Moreover, measuring the whereabouts of migrants requires a new approach, says the author of the research, a study of boundary crossing in Southeast Asia.

In 2010, as many as 16 million people in Vietnam were living in unrecorded locations, said Jonathan Rigg, a professor at the National University of Singapore, citing data from the U.N. Development Programme (UNDP). In China there are likely to be more than 100 million such ‘phantom farmers,’ while in Indonesia, Thailand and the Philippines, several million migrants were on the move, he said.

“The disparity between the number of people recorded by public officials and the number that are actually there can be enormous,” Rigg said during a recent presentation at the Center for International Forestry Research (CIFOR).
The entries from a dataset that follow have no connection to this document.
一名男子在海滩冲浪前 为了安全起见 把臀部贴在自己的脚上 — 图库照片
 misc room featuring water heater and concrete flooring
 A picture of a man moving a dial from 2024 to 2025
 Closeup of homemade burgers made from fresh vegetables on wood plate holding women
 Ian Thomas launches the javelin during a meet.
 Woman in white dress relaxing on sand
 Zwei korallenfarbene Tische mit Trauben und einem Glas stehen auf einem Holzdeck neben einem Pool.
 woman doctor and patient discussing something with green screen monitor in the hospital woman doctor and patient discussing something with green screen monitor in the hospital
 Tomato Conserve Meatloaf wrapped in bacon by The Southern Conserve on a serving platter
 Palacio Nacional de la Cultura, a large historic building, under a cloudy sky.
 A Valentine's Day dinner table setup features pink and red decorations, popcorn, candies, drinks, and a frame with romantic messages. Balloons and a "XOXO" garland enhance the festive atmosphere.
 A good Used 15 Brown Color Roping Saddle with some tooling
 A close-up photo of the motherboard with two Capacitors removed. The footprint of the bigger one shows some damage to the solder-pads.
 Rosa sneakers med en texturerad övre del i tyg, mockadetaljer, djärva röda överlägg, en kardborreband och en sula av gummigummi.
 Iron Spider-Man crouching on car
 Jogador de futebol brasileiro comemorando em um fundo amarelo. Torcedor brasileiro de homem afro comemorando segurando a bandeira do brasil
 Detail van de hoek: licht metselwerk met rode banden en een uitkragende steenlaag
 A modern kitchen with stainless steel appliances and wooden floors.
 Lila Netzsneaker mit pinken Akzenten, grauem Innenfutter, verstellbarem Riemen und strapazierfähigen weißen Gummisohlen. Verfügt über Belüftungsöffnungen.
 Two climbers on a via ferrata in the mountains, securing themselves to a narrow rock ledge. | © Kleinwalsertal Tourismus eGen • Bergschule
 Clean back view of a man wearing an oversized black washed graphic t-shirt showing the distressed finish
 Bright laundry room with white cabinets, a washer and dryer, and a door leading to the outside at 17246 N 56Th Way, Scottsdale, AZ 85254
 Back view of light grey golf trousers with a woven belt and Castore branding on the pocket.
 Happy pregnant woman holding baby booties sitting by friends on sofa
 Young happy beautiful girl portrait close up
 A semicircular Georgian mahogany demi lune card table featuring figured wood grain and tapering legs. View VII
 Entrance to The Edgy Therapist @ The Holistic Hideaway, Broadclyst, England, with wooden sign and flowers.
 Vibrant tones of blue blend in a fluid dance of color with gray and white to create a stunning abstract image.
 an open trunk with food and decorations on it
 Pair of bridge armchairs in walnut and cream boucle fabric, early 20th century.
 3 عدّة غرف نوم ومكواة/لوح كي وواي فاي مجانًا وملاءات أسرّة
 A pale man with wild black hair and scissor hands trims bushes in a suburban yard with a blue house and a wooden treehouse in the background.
National censuses don’t always pick up short-term movements, and in order to fully understand shifting human settlement patterns, researchers must take into account how rural livelihoods have changed in Asia over the past 50 years, he said, adding that distorted data can shape policy interventions in unhelpful and counter-productive ways.

Although migrants have moved from one place to another, they characteristically retain emotional and financial attachments to their places of origin.

Research conducted by Rigg in Laos, Thailand and Vietnam between 1982 and 2010 shows that patterns of mobility among rural villagers have changed dramatically.

VILLAGE VARIANTS

“These changes have occurred in part due to improvements in transportation,” Rigg said. “Fewer people farm, to be sure, but they often keep their attachment to the rural areas of origin. Few abandon their rural roots, and the large majority returns.”

In the past, rural researchers often used “the household” as a basic unit of study of village life, but its definition has changed over time.

Today, in many instances, the household is no longer co-residential but multi-sited, with its members living across spaces, earning income and making livelihoods in multiple places, Rigg said.

“What we see in rural spaces — how land and forests are used, for example — is intimately linked to processes underway in in other sites. Tracking these inter-linkages is, from a research point of view, difficult, and the available data is often problematic.”

Villages, Rigg said, have become settlements of diverse populations with varying class positions. Increasingly, household incomes are earned outside the village, and people are often more likely to make purchases outside the village.

“Sometimes the change is really dramatic, so you can see how these villages are being reworked,” Rigg said. “Villagers in most countries in Southeast Asia have not lost their land — and that is freeing up people to work elsewhere.”

A cross-subsidization of income can enable people to keep their land, although they may not farm it themselves, he added.

Farmers are aging, leading to a ‘geriatrification’ of farming. Many changes in farming practices, including mechanization, disintensification and cropping changes are all linked in one way or another to migration, Rigg said.

“The research raises the possibility that urban and rural are not mutually exclusive categories, but co-existing and contemporaneous — migration and mobility make rural spaces urban and urban spaces rural by bringing urban characteristics to rural villages,” he said. He added that it is important to redraw boundaries to keep track of change.

Migratory transformations have numerous implications for forests and forest policies.

“Just as it’s necessary to view agrarian change in a wider context, situating our understanding of farming against non-farming, so forests need to be seen as partially reflective of processes — social, economic and environmental — underway in non-forest landscapes, including urban,” Rigg said.